É claro que, diante disso, eles seriam vetados em qualquer festa ou cerimônia organizada por Homer ou onde ele dispusesse de suficiente influência. E isso incluía a Duquesa Ana, estudiosa das ruínas de Tihauanaco mas nem por isso menos frívola nas relações sociais.

Cathy examinara a geografia da Mansão Éden, na Avenida Orquídea Negra, próxima ao Viaduto do Chá. E chegara à conclusão de que havia uma entrada possível:

— Vejam a planta que eu fiz – mostrou ela. – Esse portão de ferro, ao sul, provavelmente fica fechado a cadeado quase todo o tempo, é mais ornamental. Se entrarmos por ele e circularmos logo pelas alamedas de mangueiras e aveleiras, temos grande chance de passarmos desapercebidos.

— E o que faremos na festa? – Lena estava temerosa.

— Pegaremos todos os indícios. Temos de localizar o barão, ver e ouvir tudo o que for possível dele.

— Você tem certeza de que poderemos entrar? – a dúvida era de Márcio.
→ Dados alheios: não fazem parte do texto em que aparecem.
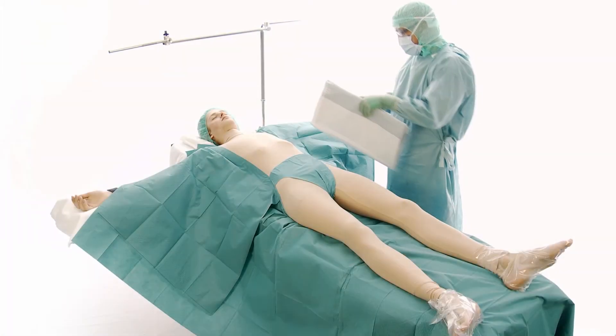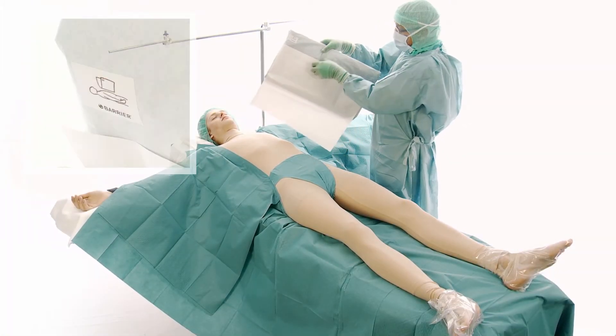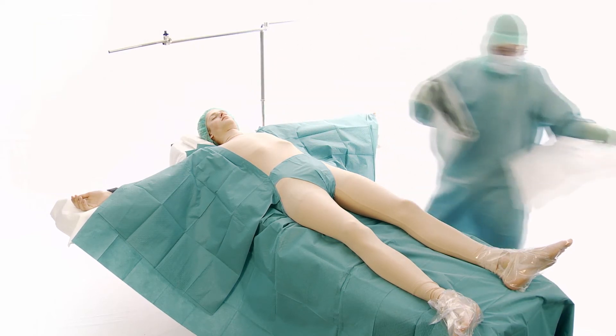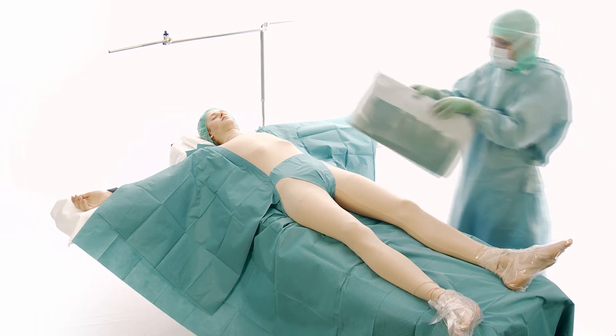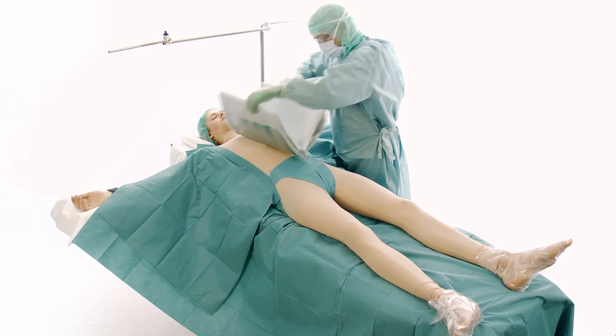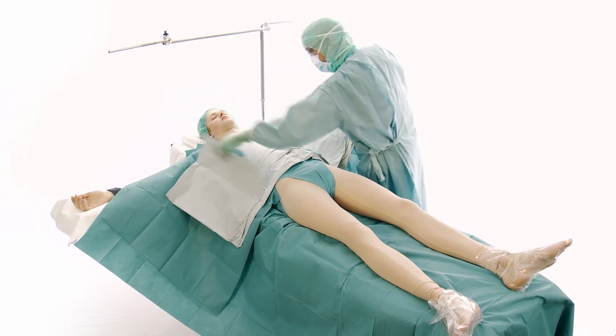Note the direction of the pictogram on the thoracic drape. Remove the release paper and place the drape centered on the patient. The upper edge of the incise film should be at the suprasternal notch. Ensure that the adhesive film is securely attached to the patient and unfold the drape.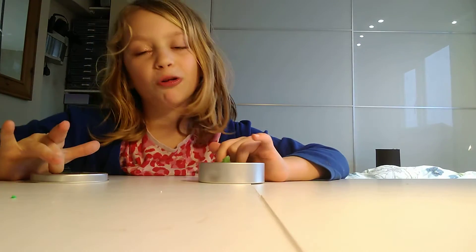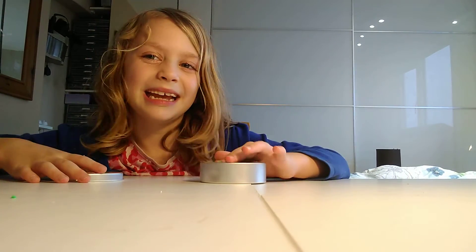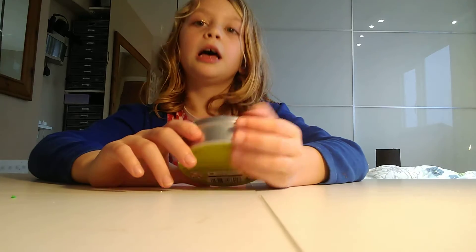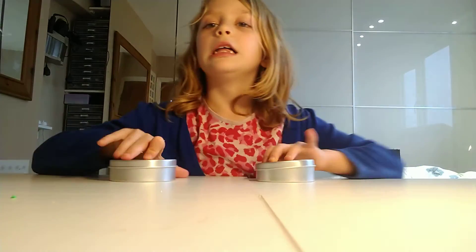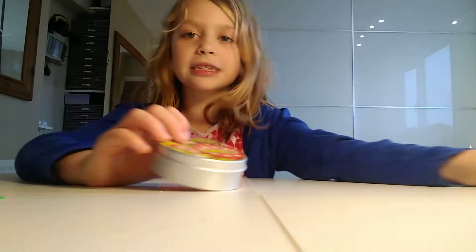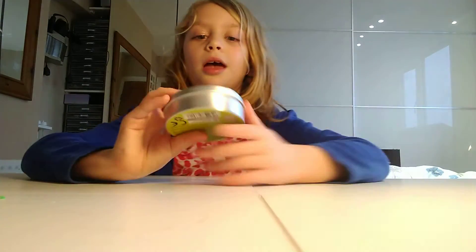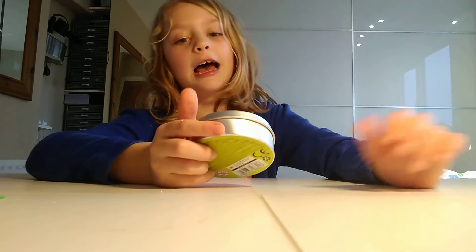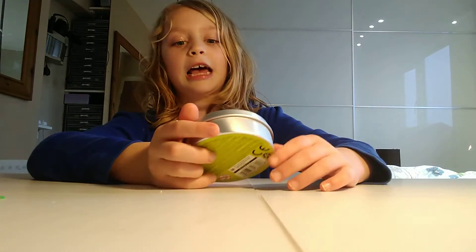Because it said it was gross, and it is gross. I know that's kind of cheating, but it is gross. And the last and final slime is — these are just the exact same thing. So this is Jokes and Games like the other one, Gross like the other one said — Pimples.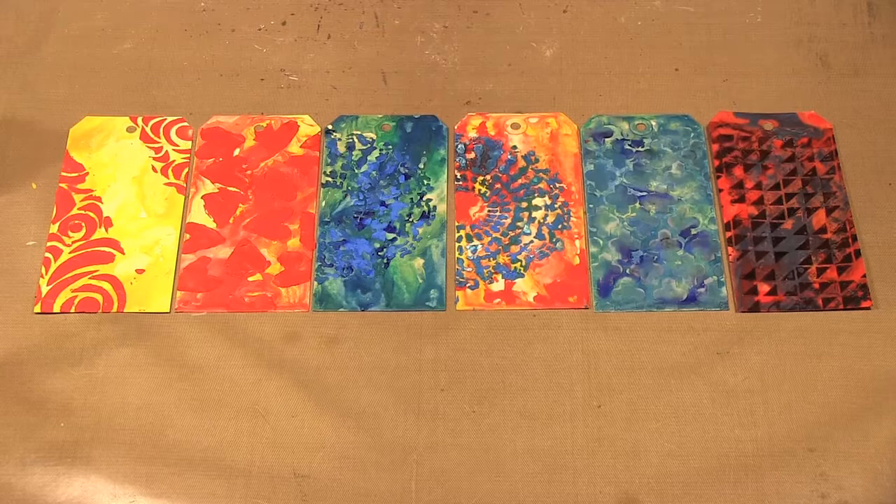Hello, welcome to Scrap Time episode 876. My name is Christine, and on today's episode I'm showing you a technique using Crafters Workshop templates with encaustic wax. I'm going to be showing you how you can use your templates with the encaustic wax to make designs on your wax background.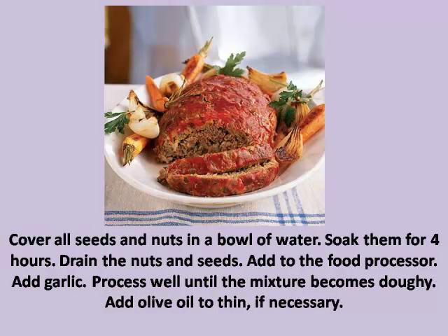Step 1: Cover all seeds and nuts in a bowl of water. Soak them for four hours. Drain the nuts and seeds and add to the food processor. Add garlic and process well until the mixture becomes doughy. Add olive oil to thin if necessary.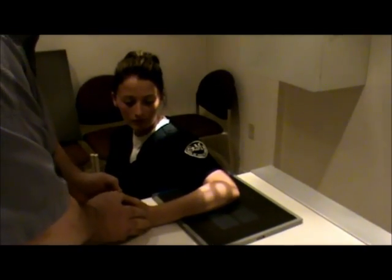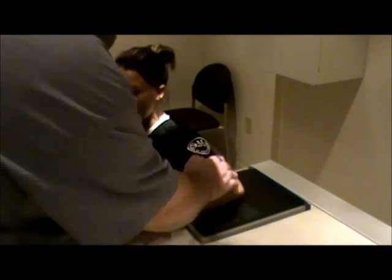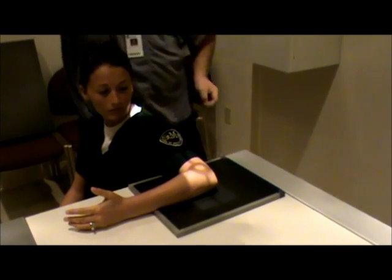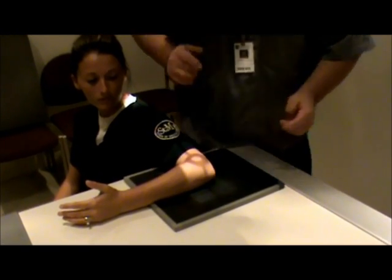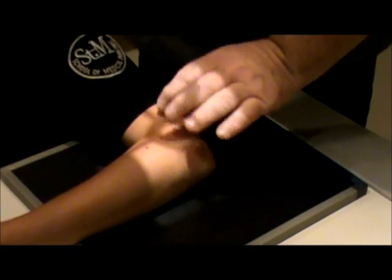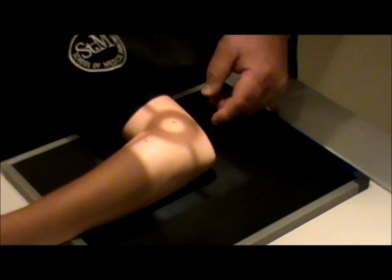Now we're going to do the lateral elbow. You're going to have the patient flex the elbow 90 degrees and have them turn the thumb until it is up. We're going to rotate the film and center vertically and horizontally. The centering point is going to be the mid elbow joint. We want to make sure that we include the entire joint and a couple inches of the forearm and of the humerus.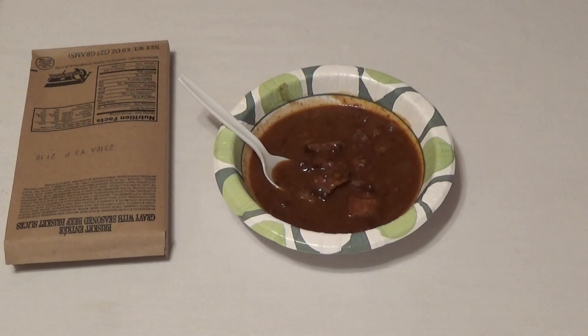Andy Prepper here with another MRE entree review, this time the beef brisket, or as it says on the package, brisket entree gravy with seasoned beef brisket slices.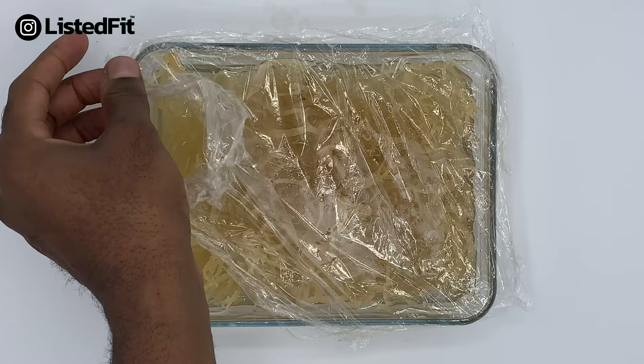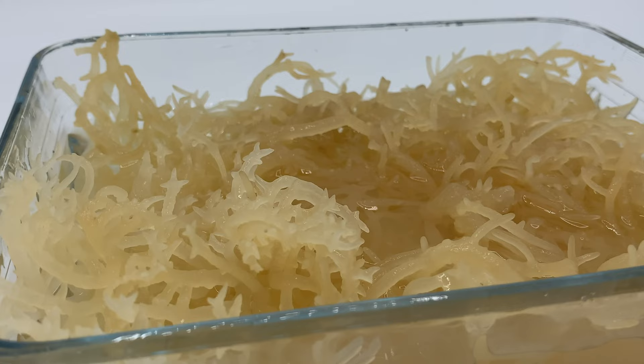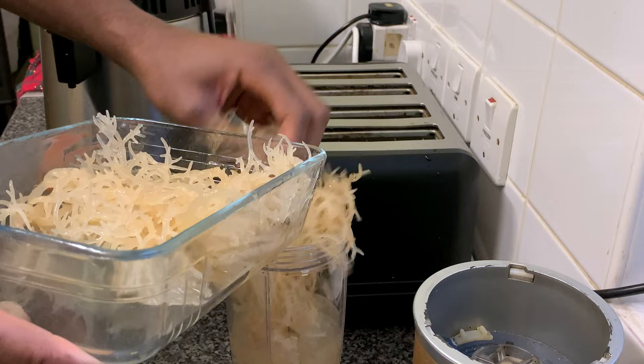After the first 24 hours I emptied out all of the water and replaced it with more mineral water with half a lemon again. Then I covered the top with cling film just to protect it from any dust or anything floating around in the air, and left that for another 24 hours. After the next 24 hours I emptied out half of the water and blended the rest until it was very smooth, then emptied the contents into a mason jar.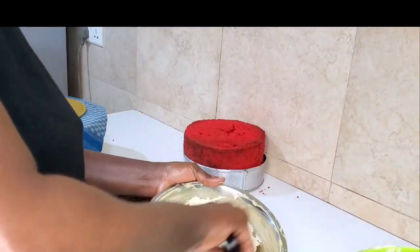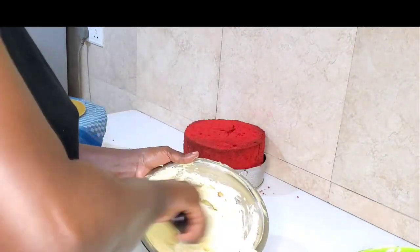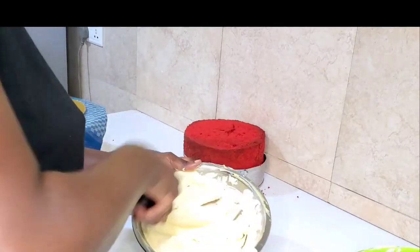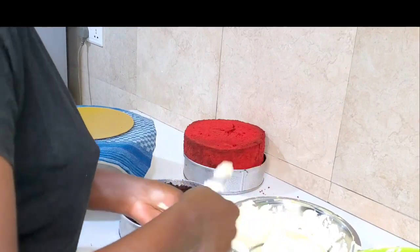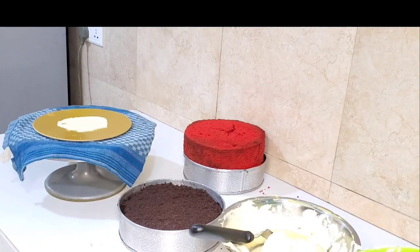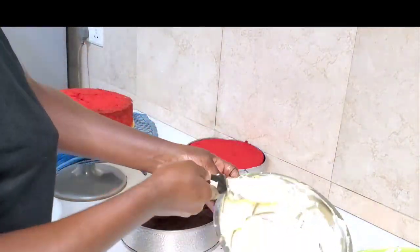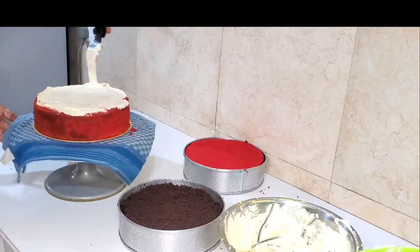Add a little water to thin it out, because you cannot crumb coat your cake with a thick buttercream. Level your cake — make sure it's well leveled and trimmed. Take a small portion of the buttercream and apply it on your cake board, then place your cake on it. In this way your cake will not shake when you're trying to sandwich your cake. This is going to be my top tier cake.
— Já disse, o meu anjo abrirá o portão.

— Mas e os alarmas?

— Francamente, Márcio! Você acha que um anjo vai deixar furo?

— É que... isso é tão estranho...

— Estranho ou não, é o que vai acontecer. Vamos pensar em outro problema: nossa aparência. Eu irei de Arlequim. Márcio, você pode ser o Zorro. E você, Lena, que tal uma caveirinha?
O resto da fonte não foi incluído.